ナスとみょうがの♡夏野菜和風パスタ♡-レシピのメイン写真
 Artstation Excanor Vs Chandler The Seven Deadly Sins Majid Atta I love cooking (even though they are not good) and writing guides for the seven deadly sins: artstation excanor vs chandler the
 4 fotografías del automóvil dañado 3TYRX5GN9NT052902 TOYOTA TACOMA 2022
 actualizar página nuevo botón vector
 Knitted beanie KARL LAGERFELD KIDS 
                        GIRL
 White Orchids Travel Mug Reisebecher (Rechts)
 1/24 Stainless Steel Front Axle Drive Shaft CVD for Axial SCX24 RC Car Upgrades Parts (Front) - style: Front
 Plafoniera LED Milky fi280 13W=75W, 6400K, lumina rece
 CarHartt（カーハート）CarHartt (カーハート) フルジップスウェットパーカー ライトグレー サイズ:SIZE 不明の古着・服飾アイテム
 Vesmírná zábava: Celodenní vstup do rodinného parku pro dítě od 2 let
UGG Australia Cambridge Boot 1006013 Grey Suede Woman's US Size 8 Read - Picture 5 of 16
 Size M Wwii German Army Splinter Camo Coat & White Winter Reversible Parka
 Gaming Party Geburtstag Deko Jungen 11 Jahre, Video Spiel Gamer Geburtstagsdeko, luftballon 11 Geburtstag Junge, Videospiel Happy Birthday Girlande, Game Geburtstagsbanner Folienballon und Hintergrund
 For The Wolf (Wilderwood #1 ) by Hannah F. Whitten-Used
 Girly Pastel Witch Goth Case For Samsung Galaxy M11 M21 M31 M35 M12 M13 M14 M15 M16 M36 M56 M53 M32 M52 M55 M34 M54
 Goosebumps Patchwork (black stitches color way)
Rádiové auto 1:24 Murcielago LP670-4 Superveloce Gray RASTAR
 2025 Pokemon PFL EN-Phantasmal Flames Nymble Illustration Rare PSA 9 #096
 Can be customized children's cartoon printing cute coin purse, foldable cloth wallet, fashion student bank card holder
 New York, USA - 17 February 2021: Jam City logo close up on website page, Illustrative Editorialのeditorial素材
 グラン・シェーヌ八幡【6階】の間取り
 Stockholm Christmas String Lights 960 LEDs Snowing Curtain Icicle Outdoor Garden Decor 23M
_____
REQUIREMENT → Above are the entries; copy every line among them that contains the word "White".

RESULT →
 White Orchids Travel Mug Reisebecher (Rechts)
 Size M Wwii German Army Splinter Camo Coat & White Winter Reversible Parka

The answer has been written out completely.